Archaeologists have discovered an intact, ancient Egyptian tomb in the
Valley of the Kings, the first since King Tutankhamun's was found in 1922.
A University of Memphis-led team found the previously unknown tomb
complete with sarcophagi and five mummies. The archaeologists were working
last year on the neighbouring tomb of Amenmeses, a late 19th dynasty
pharaoh, when they found the remains of ancient workmen's huts. The
scientists then discovered a depression in the bedrock that they suspected
was a shaft. When they returned to work during this excavation season,
they opened the shaft and found the door to the chamber. But Egypt's chief archaeologist Zahi Hawass says they
"might be royals or nobles" moved from "original graves to protect
them from grave robbers".
"We don't really know what kind of people are inside but I do
believe they look royal. Maybe they are kings or queens or nobles,"

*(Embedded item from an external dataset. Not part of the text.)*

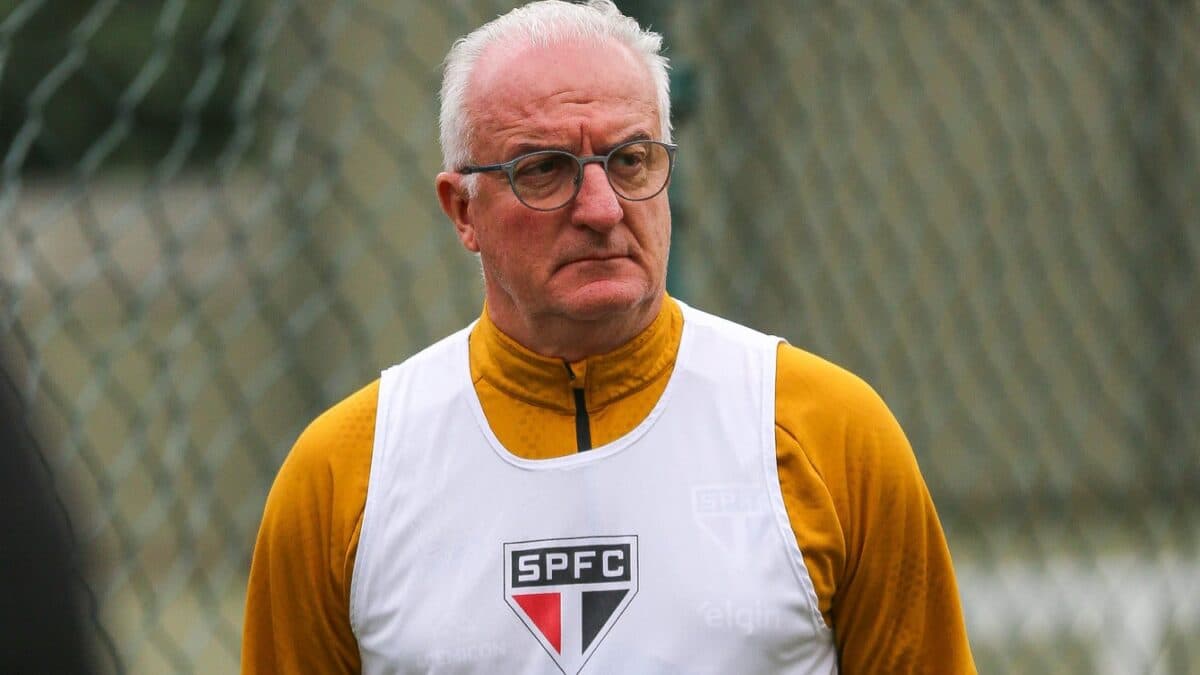 Dorival analisa eliminação do São Paulo: ‘Irreconhecível’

he said. The newly-found tomb is thought to date from the 18th
Pharaonic Dynasty, the first dynasty of the New Kingdom which ruled
between 1539 BC and 1292 BC and made its capital in Thebes, now
Luxor. It is the 63rd tomb to be discovered since the valley was first
mapped in the 18th century, and was unexpectedly found only five
metres away from King Tutankhamun's. The team of archaeologists had
not been looking for it. "The excavation team was focused on the
tomb of a 19th Dynasty pharaoh, King Amenmesses," said Patricia
Podzorski, curator of Egyptian Art at the University of Memphis.

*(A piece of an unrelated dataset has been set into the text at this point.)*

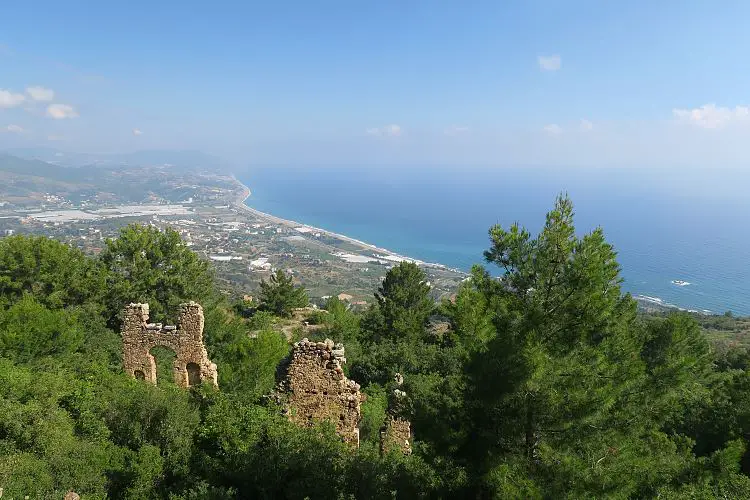 Der Blick vom Badehaus auf den Hügel, Wald, andere Ruinen und das Meer und den Strand in Alanya.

"They were working in front of the tomb looking for foundation
deposits possibly related to that tomb, and clearing away some
workmen's huts from the 19th Dynasty that were both to the left and
right side of the tomb," she explained. "Underneath these workmen's
huts, they found a shaft." Four metres below the ground was a single chamber
containing sarcophagi with coloured funerary masks and more than 20
large storage jars bearing Pharaonic seals. The sarcophagi were
buried rapidly in the small tomb for an unknown reason. One of the
coffins has toppled and faces the door, showing its white, painted
face. Another was partially open, showing a brown cloth covering the
mummy inside. At the bottom of a 10m
deep pit, a narrow shaft leads down to the door, made of blocks of
stone. A hole about a foot wide has been cleared from the door.
Inside the chamber,
about 4m x 5m, alabaster pots, some broken, are lined up next to the
sarcophagi. Close up on one of the
mummy cases. STOP PRESS:
Thursday 29th June 2006: Ancient garland in Egyptian tomb! Archaeologists in Egypt expecting to
find a mummy during their excavation of a burial chamber in Luxor have
instead discovered embalming materials and ancient woven flowers. The
3,000-year-old garland is the first to be discovered. It was found in the
last of the coffins which archaeologists had hoped would contain the
mummies of royal queens or even Tutankhamun's mother.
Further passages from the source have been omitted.